Cuando tenía doce años y escribía en el periódico del colegio, entrevisté a Abel Matutes. Nos íbamos de viaje de estudios y su fundación nos ayudaba con 25.000 pesetas (la generación posmilenial que tire de calculadora) y nosotros íbamos a publicar una entrevista suya en el siguiente ejemplar.
Pues bien, a pesar de nuestros escasos doce años y de que iba a ser la inocente publicación de un periódico escolar, desde las oficinas de Matutes cerraron una cita para la entrevista, pero antes debíamos entregarla en papel en mano. Así «la preparaba».
Hago una pausa para tratar de poner a los más jóvenes en el difícil contexto de un mundo sin internet, sin Mark Zuckerberg o Steve Jobs. Abel Matutes era el más grande y palpable símbolo de éxito que teníamos. Y era ‘nuestro’, era de Ibiza.

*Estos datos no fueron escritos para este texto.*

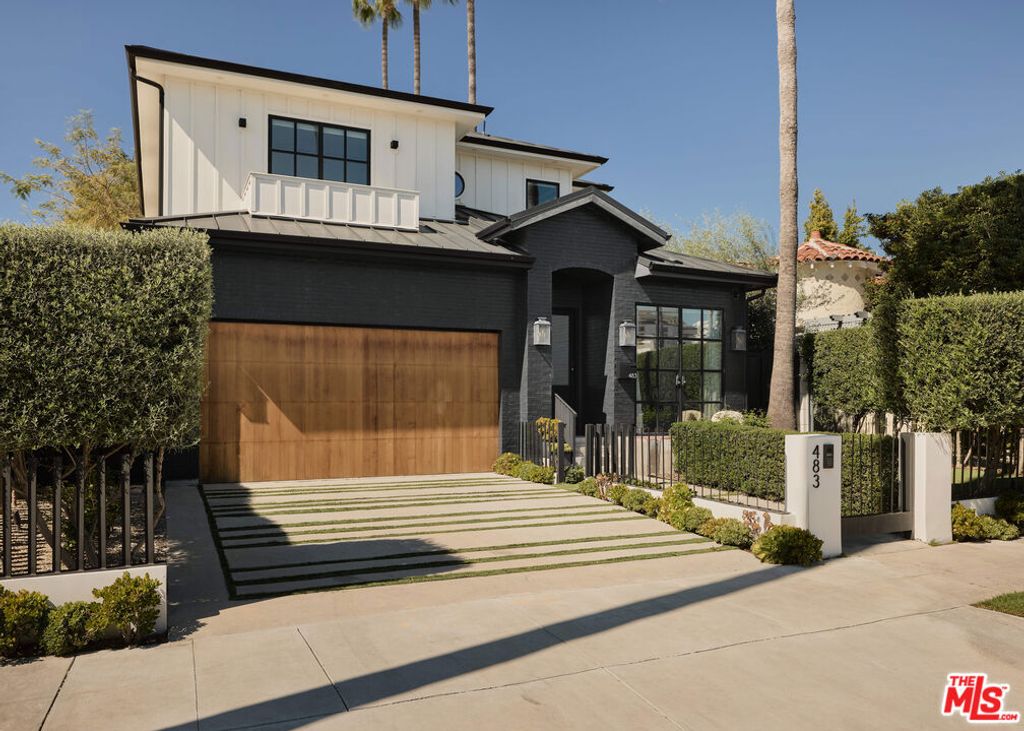 Photo of 483 S S Sherbourne Drive, Los Angeles, CA 90048 (MLS # 26658015)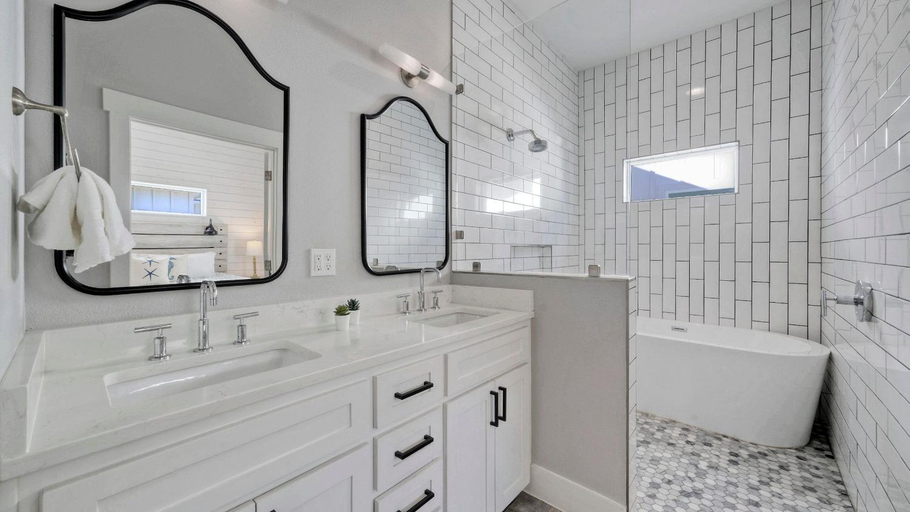 Bathroom 4, Wild Horse by AvantStay Walk to Beach Pool, Nueces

Acudí a la cita sola, con mis preguntas y una grabadora. También llevaba un regalo: le había hecho un retrato. Me saludó dándome la mano y me dijo que tenía un nombre muy bonito. Se sentó en la cabecera de una larga mesa de juntas y yo en un sillón de cuero giratorio a su lado. Nunca había visto un lugar parecido y pensé que no se podía ser más rico.